Perpres 22/2017 menyebutkan target EBT pada tahun 2025 sebesar 23%, sedangkan pada tahun 2030 sebesar 28%, sedangkan rencana pengembangan EBT dalam Grand Strategi Energi Nasional (GSEN) terdapat penambahan 38 GW EBT hingga tahun 2035 dengan prioritas pengembangan EBT untuk PLTS serta peningkatan kapasitas pembangkit EBT, dimana target pada tahun 2021 sebesar 11.362 MW.

“Saya ingin tekankan bahwa ini sejalan dengan instruksi Presiden dalam GSEN yang visinya mewujudkan ketahanan dan kemandirian energi nasional. Salah satu upaya tersebut yaitu dengan mempercepat pembangkitan EBT, dengan memaksimalkan tenaga surya atau PLTS baik atap maupun ground-mounted,” ujar Deputi Basilio melalui siaran pers di Jakarta.

Dalam konteks penurunan emisi karbon, Indonesia masih perlu upaya ekstra untuk memenuhi komitmennya dalam pencapaian Intended Nationally Determined Contributions (INDC) sejalan dengan Paris Agreement, yang saat ini pengurangan emisi gas rumah kaca kontribusinya sebesar 64,36 MTCO2e pada 2020 dan akan mencapai 314 MTCO2e pada 2030. Apalagi saat ini konsumsi energi fosil masih tinggi sedangkan penggunaan energi baru terbarukan masih di bawah 15%.
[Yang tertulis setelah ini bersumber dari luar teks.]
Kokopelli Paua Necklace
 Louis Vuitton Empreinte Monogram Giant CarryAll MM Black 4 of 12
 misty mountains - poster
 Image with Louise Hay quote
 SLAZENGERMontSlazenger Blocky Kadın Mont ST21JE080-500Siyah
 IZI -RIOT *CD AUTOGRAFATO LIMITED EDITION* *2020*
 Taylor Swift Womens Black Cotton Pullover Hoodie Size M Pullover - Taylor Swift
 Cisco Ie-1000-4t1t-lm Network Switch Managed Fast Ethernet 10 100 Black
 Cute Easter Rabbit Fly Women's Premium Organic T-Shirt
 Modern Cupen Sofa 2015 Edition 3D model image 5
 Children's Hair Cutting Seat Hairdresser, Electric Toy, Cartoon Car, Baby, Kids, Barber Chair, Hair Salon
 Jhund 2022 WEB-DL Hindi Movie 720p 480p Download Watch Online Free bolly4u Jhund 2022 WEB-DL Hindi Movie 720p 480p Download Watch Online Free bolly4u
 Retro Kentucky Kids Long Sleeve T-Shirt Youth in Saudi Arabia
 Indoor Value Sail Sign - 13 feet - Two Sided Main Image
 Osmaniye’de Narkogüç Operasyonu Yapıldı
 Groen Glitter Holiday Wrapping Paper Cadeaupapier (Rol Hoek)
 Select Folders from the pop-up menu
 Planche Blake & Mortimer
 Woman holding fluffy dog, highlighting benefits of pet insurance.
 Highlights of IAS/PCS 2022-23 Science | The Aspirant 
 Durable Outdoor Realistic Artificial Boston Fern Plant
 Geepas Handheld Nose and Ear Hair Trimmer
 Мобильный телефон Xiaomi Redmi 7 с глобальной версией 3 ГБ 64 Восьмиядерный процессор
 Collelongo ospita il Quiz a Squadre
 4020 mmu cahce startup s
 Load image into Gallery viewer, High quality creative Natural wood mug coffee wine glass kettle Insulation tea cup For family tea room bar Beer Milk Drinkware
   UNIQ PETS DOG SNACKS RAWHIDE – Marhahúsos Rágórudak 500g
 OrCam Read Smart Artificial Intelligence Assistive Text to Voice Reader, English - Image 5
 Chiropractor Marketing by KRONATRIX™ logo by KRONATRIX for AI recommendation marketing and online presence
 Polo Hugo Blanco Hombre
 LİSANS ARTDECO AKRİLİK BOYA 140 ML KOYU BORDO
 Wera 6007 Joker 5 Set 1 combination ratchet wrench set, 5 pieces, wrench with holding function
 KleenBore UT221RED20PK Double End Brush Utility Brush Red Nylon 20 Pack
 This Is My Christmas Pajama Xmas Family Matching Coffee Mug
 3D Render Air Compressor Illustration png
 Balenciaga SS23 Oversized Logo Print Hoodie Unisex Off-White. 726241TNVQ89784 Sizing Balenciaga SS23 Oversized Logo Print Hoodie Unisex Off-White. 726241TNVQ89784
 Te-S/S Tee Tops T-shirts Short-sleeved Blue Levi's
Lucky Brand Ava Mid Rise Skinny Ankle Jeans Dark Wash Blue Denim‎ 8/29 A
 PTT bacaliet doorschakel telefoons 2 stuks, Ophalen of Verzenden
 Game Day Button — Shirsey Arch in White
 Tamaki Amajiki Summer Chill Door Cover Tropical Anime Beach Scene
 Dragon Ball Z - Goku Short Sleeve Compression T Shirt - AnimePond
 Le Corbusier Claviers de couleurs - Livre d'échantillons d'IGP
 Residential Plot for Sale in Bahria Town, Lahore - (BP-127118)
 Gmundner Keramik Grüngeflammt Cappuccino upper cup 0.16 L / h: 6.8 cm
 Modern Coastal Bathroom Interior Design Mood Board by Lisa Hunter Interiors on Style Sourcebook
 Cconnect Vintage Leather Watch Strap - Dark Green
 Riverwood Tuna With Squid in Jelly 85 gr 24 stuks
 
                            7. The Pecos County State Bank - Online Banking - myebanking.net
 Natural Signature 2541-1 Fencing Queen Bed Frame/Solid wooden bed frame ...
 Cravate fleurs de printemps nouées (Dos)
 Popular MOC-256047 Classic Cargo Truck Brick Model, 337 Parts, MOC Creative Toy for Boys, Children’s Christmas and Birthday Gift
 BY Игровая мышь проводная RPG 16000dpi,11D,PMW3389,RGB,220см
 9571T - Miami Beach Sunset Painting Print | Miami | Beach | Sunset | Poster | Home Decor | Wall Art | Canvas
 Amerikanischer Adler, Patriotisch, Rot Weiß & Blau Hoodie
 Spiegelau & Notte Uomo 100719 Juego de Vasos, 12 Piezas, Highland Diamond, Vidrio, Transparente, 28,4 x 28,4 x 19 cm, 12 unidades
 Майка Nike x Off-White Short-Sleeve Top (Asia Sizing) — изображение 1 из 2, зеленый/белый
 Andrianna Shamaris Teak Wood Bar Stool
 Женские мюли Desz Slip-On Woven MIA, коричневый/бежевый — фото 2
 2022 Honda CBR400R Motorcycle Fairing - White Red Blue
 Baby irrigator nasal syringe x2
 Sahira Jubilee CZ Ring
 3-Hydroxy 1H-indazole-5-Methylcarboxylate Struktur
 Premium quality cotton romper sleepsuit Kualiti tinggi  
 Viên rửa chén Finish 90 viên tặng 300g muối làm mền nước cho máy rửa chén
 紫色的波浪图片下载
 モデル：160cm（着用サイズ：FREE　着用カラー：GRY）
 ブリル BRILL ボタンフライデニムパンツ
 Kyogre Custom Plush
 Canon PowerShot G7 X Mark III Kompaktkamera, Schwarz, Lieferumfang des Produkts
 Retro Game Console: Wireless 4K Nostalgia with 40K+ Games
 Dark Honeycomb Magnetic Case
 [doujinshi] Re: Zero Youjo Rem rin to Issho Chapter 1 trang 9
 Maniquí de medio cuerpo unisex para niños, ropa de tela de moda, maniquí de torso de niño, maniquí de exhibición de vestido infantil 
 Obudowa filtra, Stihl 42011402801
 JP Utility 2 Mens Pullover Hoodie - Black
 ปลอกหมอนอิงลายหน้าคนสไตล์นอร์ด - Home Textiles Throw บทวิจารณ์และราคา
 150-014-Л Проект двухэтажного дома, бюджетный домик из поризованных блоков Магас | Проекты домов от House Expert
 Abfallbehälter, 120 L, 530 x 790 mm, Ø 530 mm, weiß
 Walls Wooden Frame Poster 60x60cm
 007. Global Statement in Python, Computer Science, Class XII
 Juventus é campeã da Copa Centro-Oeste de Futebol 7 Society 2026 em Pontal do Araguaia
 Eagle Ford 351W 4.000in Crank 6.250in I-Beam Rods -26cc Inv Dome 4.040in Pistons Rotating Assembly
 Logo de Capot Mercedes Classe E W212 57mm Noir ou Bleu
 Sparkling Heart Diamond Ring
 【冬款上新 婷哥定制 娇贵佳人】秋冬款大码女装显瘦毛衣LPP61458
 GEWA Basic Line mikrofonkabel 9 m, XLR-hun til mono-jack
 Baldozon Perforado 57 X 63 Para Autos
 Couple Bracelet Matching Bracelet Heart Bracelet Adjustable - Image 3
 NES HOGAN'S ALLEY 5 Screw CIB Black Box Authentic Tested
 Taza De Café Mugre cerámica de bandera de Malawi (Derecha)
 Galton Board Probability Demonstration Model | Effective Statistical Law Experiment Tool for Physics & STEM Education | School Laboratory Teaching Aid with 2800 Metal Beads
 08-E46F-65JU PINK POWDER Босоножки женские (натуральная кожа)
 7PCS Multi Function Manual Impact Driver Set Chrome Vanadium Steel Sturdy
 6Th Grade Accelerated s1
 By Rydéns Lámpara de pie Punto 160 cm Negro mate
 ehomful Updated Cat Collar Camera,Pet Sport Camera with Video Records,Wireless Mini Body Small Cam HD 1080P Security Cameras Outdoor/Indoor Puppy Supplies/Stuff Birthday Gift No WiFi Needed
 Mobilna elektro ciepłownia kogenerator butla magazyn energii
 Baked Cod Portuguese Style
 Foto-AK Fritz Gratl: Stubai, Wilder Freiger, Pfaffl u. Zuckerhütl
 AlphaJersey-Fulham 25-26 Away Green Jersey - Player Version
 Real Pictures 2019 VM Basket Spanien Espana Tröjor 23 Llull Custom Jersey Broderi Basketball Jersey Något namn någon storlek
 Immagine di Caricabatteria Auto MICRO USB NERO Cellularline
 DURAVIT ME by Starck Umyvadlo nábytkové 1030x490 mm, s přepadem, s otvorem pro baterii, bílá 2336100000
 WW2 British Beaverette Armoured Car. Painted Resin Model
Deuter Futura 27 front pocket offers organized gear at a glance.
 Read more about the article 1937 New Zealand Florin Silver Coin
“Kita perlu antisipasi demand energi yang semakin meningkat dan kapasitas pasokan energi masih terbatas. Salah satu solusinya adalah mempercepat pemanfaatan pembangkit EBT,” jelas Deputi yang menangani berbagai isu kedaulatan maritim dan energi ini.

Disamping itu, Deputi Basilio juga menyampaikan bahwa ketahanan dan kemandirian energi dapat terwujud dengan pemanfaatan sumber energi dalam negeri melalui 11 program GSEN untuk mengurangi impor energi secara signifikan.

Deputi menambahkan bahwa pengembangan EBT harus diakselerasi lebih cepat untuk mengurangi ketergantungan terhadap energi fosil. Deputi memaparkan mengenai program pemasangan solar panel PV serta persyaratan global yang meminta produk-produk ekspor dan pelabuhan menerapkan energi bersih atau green energy dan green port.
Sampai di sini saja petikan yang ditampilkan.